- Garhi Fateh Khan Location in Punjab, India Garhi Fateh Khan Garhi Fateh Khan (India)
- Coordinates: 31°01′05″N 76°05′45″E﻿ / ﻿31.0181387°N 76.0958854°E
- Country: India
- State: Punjab
- District: Shaheed Bhagat Singh Nagar

Government
- • Type: Panchayat raj
- • Body: Gram panchayat
- Elevation: 355 m (1,165 ft)

Population (2011)
- • Total: 887
- Sex ratio 467/421 ♂/♀

Languages
- • Official: Punjabi
- Time zone: UTC+5:30 (IST)
- PIN: 144517
- Telephone code: 01823
- ISO 3166 code: IN-PB
- Post office: Rahon
- Website: nawanshahr.nic.in

= Garhi Fateh Khan =

Garhi Fateh Khan is a village in Shaheed Bhagat Singh Nagar district of Punjab State, India. It is located 3.7 km away from postal head office Rahon, 13.4 km from Nawanshahr, 13 km from district headquarter Shaheed Bhagat Singh Nagar and 87 km from state capital Chandigarh. The village is administrated by Sarpanch an elected representative of the village.

== Demography ==
As of 2011, Garhi Fateh Khan has a total number of 170 houses and population of 887 of which 467 include are males while 420 are females according to the report published by Census India in 2011. The literacy rate of Garhi Fateh Khan is 82.38%, higher than the state average of 75.84%. The population of children under the age of 6 years is 121 which is 13.64% of total population of Garhi Fateh Khan, and child sex ratio is approximately 1161 as compared to Punjab state average of 846.
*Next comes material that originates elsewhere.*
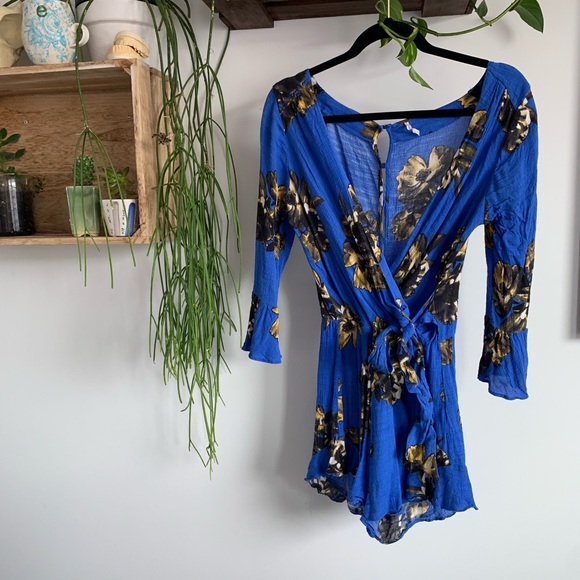 NWOT Free People blue ruffle tie front romper - Picture 2 of 8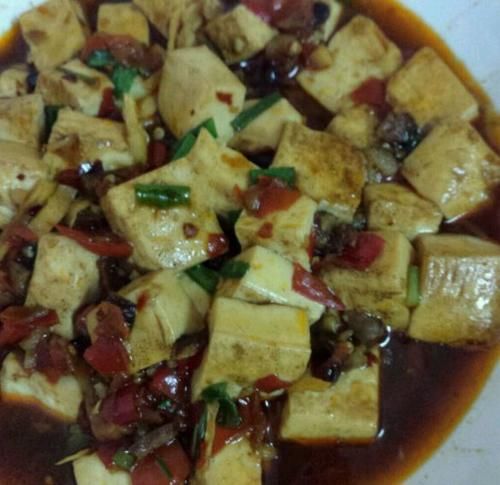 美食推荐：乾坤土甲鱼，杂蔬肉片煲，莴笋炒鸡肉，麻婆豆腐的做法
Most of the people are from Schedule Caste which constitutes 45.89% of total population in Garhi Fateh Khan. The town does not have any Schedule Tribe population so far.

As per the report published by Census India in 2011, 261 people were engaged in work activities out of the total population of Garhi Fateh Khan which includes 239 males and 22 females. According to census survey report 2011, 98.85% workers describe their work as main work and 1.15% workers are involved in Marginal activity providing livelihood for less than 6 months.

== Education ==
The village has a Punjabi medium, co-ed upper primary school founded in 1981. The schools does not provide mid-day meal. The school provide free education to children between the ages of 6 and 14 as per Right of Children to Free and Compulsory Education Act. KC Engineering College and Doaba Khalsa Trust Group Of Institutions are the nearest colleges. Industrial Training Institute for women (ITI Nawanshahr) is 14 km and Lovely Professional University is 58 km away from the village.

== Transport ==
Rahon railway station is the nearest (4.0 kilometres) train station however, Nawanshar Junction railway station is 11.7 km away from the village. Sahnewal Airport is the nearest domestic airport which located 45.2 km away in Ludhiana and the nearest international airport is located in Chandigarh also Sri Guru Ram Dass Jee International Airport is the second nearest airport which is 168 km away in Amritsar.